The United Nations, non-governmental organizations and inter-governmental organizations are committed to providing assistance to victims of sexual exploitation and abuse by their personnel, as agreed in the Statement of Commitment on Eliminating Sexual Exploitation and Abuse by UN and Non-UN Personnel (2006). This commitment is reinforced by the General Assembly resolution on the UN Comprehensive Strategy on Assistance and Support to Victims of Sexual Exploitation and Abuse by United Nations Staff and Related Personnel (2007). The resolution calls for the establishment of a Sexual Exploitation and Abuse Victim Assistance Mechanism (SEA/VAM) in every country in which the UN operates. The UN and NGOs have worked together through an inter-agency task force to formulate a joint approach to victim assistance.
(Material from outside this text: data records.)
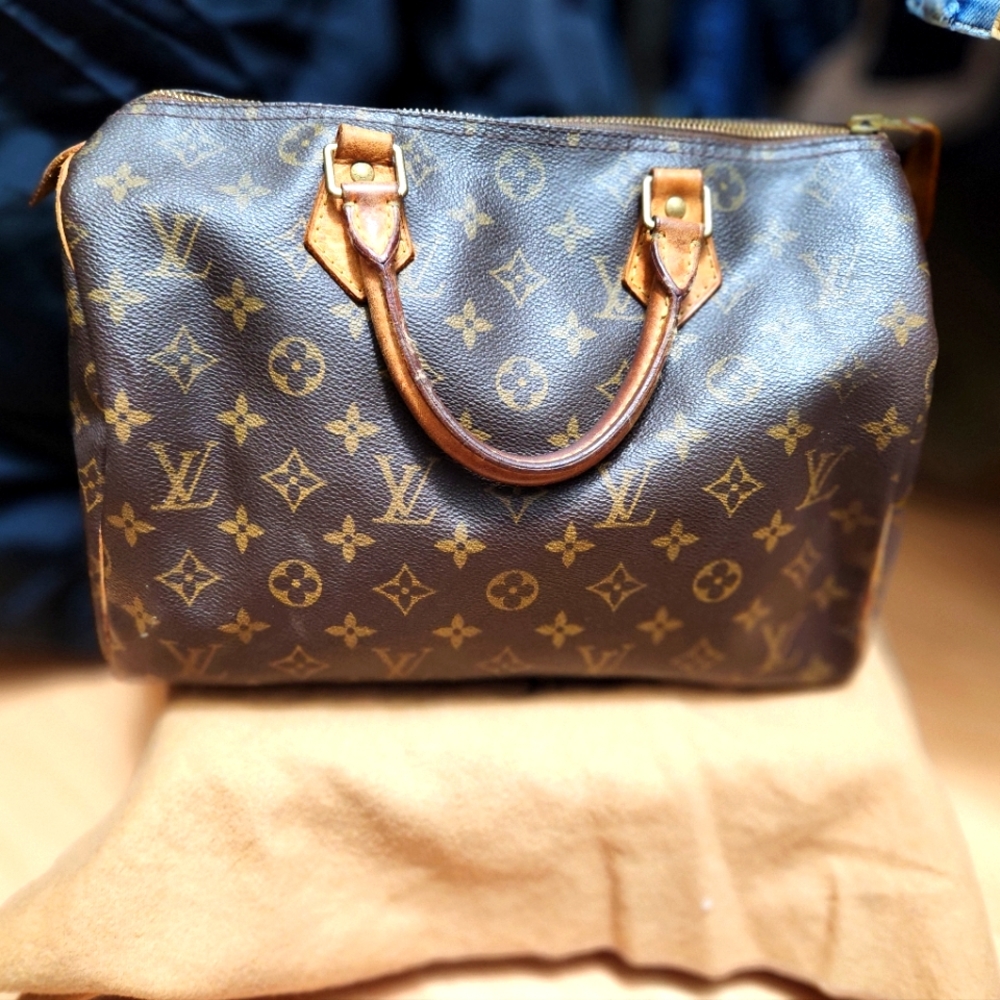 Authentic Louis Vuitton Speedy 30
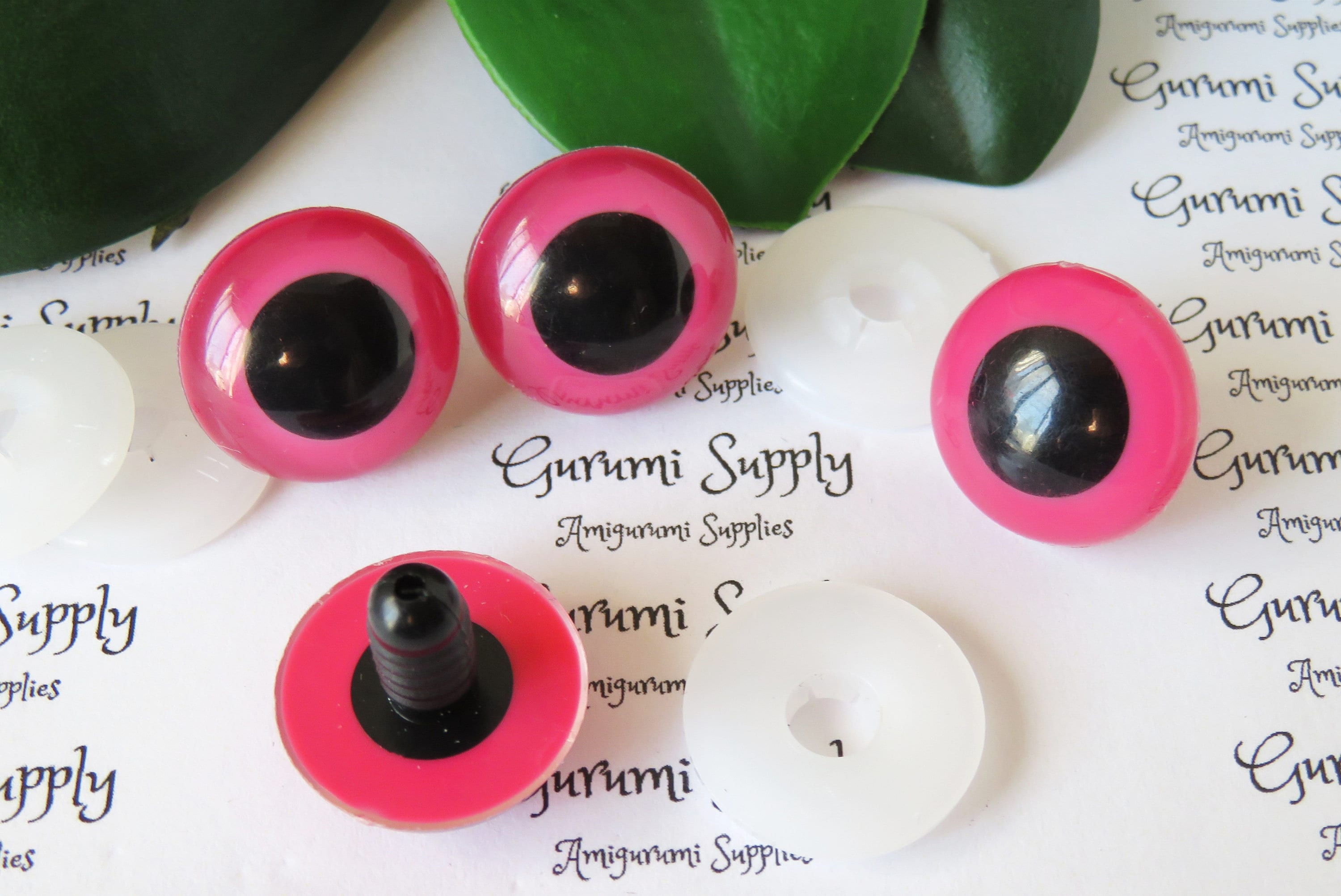 12mm Pink Iris Red Pupil Round Safety Eyes and Washers: 3 Pairs - Doll /  Amigurumi / Animals / Stuffed Creations / Crochet / Knit / Doll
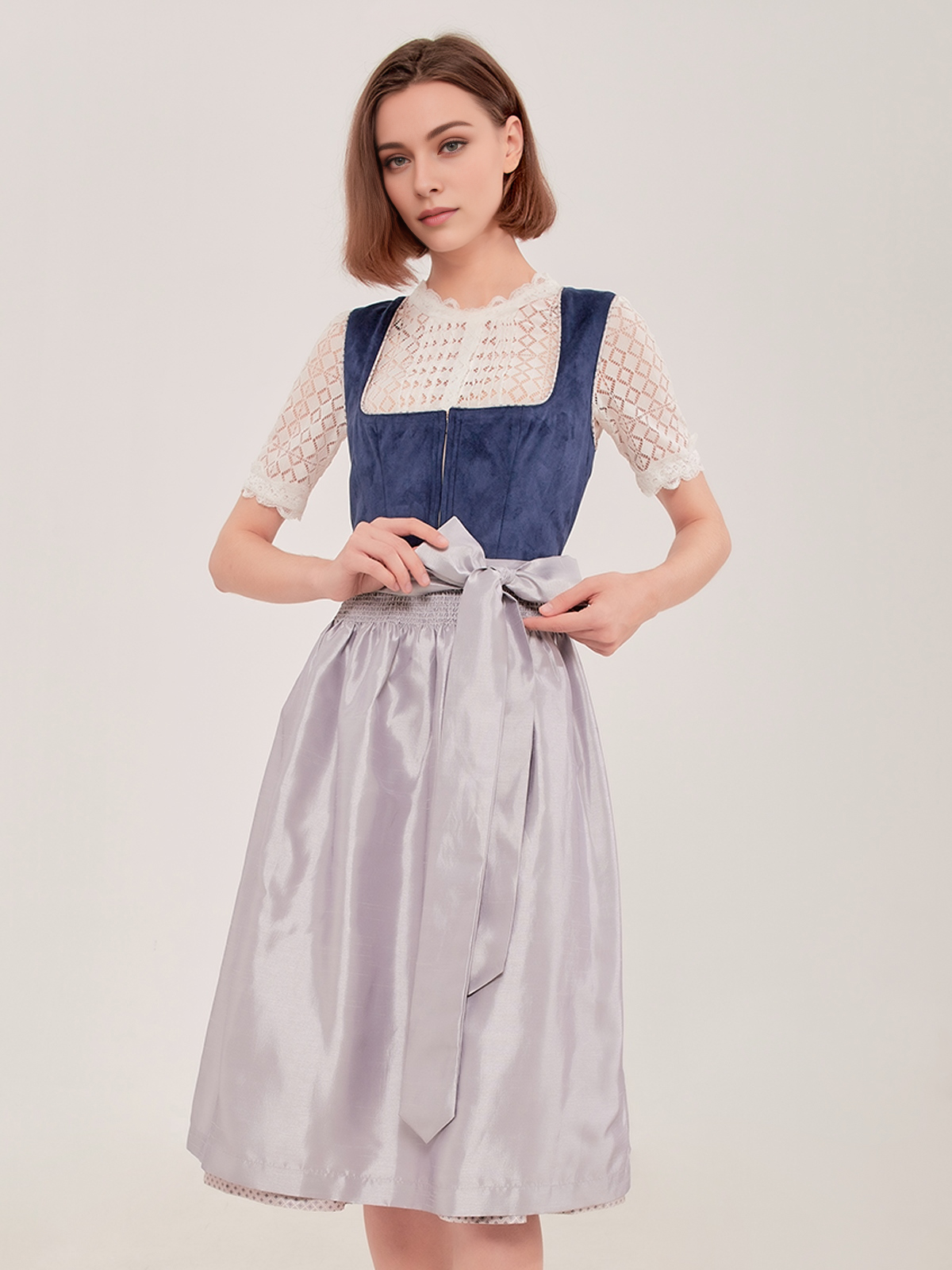 Ein elegantes Dirndl in Blau mit traditionellen Details.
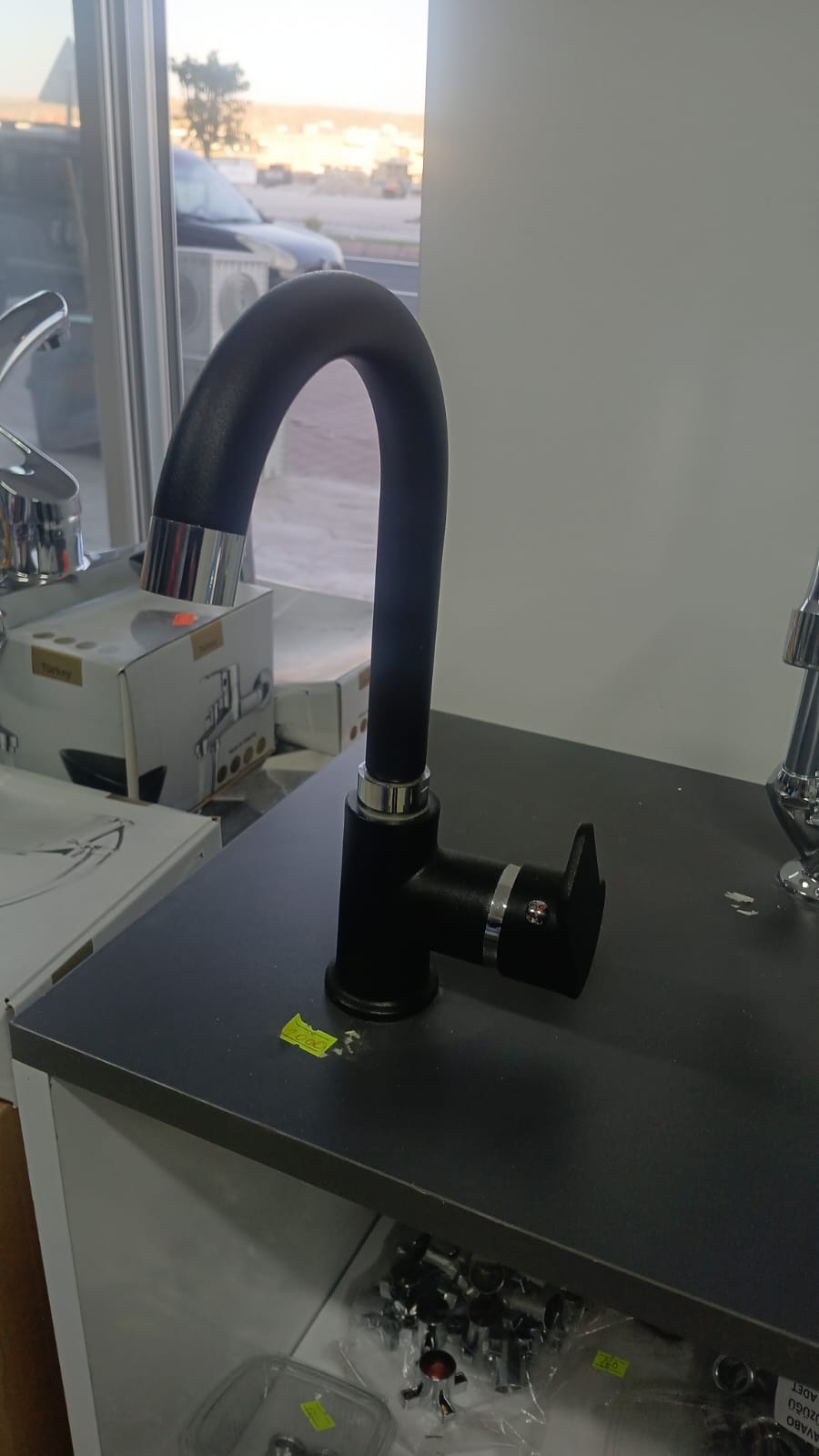 siyah lavabo bataryası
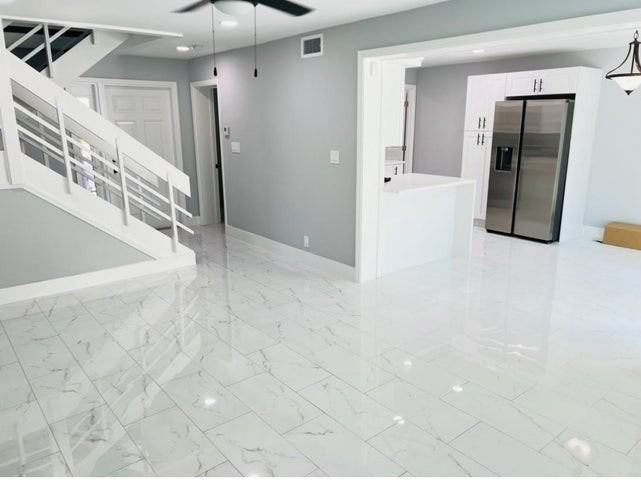 314 Sunshine Drive - Photo 5 of 8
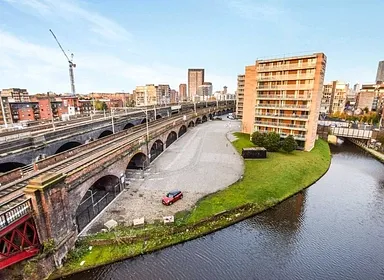 2 bedroom apartment for sale - Bentley Hurst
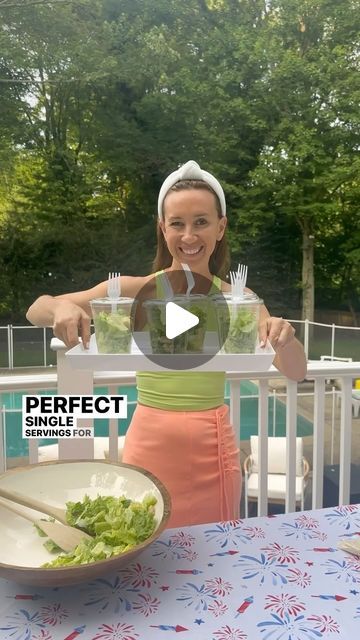 Shannon Doherty on Instagram: "GENIUS SUMMER PARTY SALAD HACK!! 🥗 THE ONLY WAY to serve salad! How smart is this?? SAVE THIS AND SHARE WITH EVERYONE for all your summer bbqs this year!!

How smart is this?? Serve your salads in cups with a fork right in the lid!! Everyone can mix it themselves and  perfect sized single servings! 

LIKE & COMMENT - “links” - for the cups and forks I use!! 

FOLLOW ME @athomewith.shannon for all my favorite mom hacks and tips and tricks to make your life easier!!! #memorialday #memorialdayweekend #summer #summerbbq #bbq #summerparty #partyhacks" Salad In A Cup For Party, Salad Cups For Party, Summer Party Salads, Party Salad, Shannon Doherty, Bbq Hacks, Hacks And Tips, Party Hacks, Dinner Food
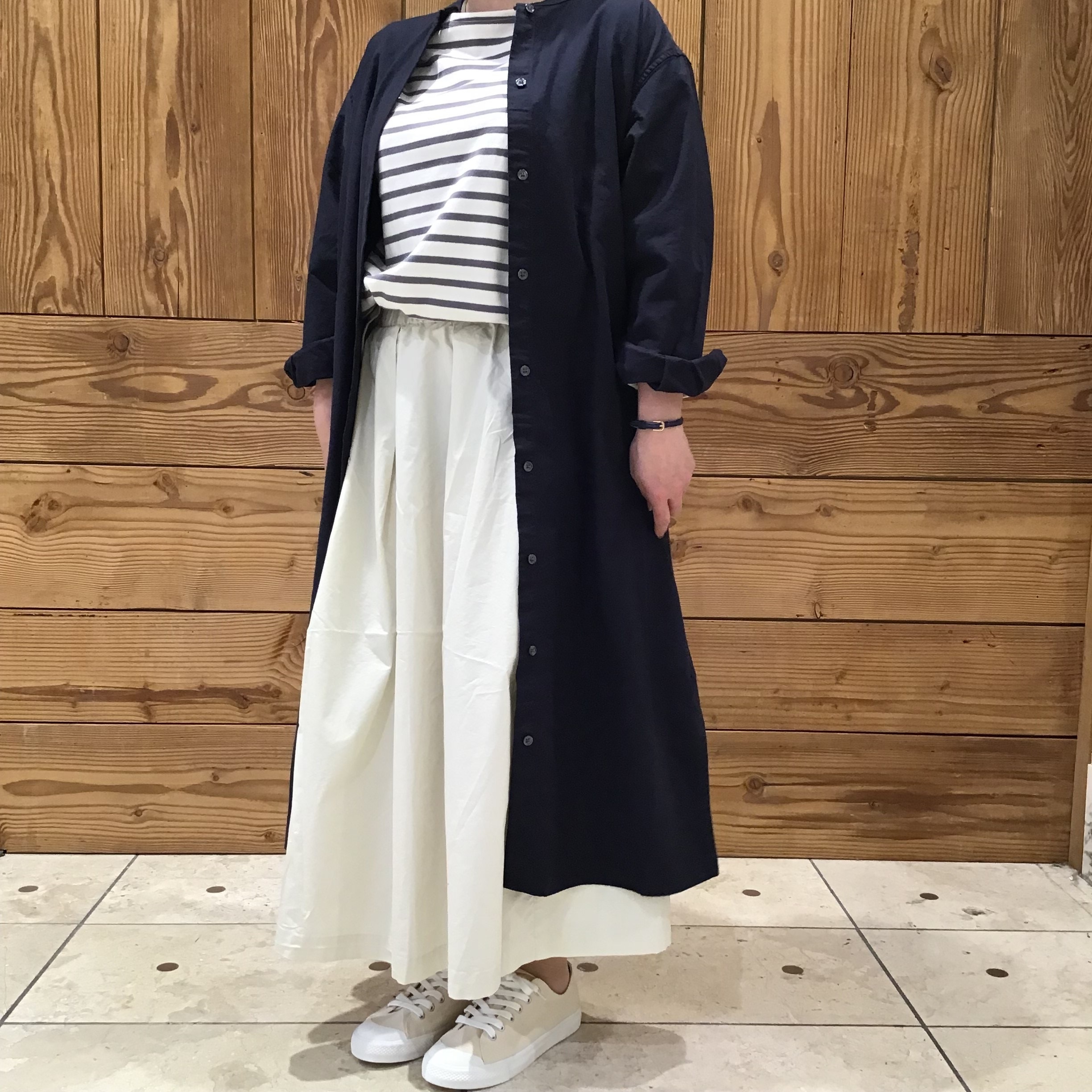 シャツワンピースとスカート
The objective of the SEA/VAM is to help persons victimized by sexual exploitation and abuse to access the services they need as a result of these acts. This does not replace or negate the responsibility of perpetrators of acts of sexual exploitation and sexual abuse. The provision of assistance is not an acknowledgment of the validity of the claims, a form of compensation or an indication of acceptance of responsibility by the alleged perpetrator.
Each country develops its own SEA/VAM, adapted to the national context, to assist complainants and victims. The mechanism will serve all complainants and victims of SEA by UN staff and related personnel, so that assistance and support remain consistent regardless of the agency, department or organization associated with the incident. ‘Related personnel’ includes consultants, volunteers, individual contractors, personnel of partner organizations, experts on mission and peacekeepers, including both civilian and uniformed personnel.
A report on the implementation of the victim assistance strategy was completed in July 2009 and will be discussed during the 64th General Assembly session.
Who should receive assistance and support?
Assistance and support should be provided to complainants, victims and children born as a result of sexual exploitation and abuse.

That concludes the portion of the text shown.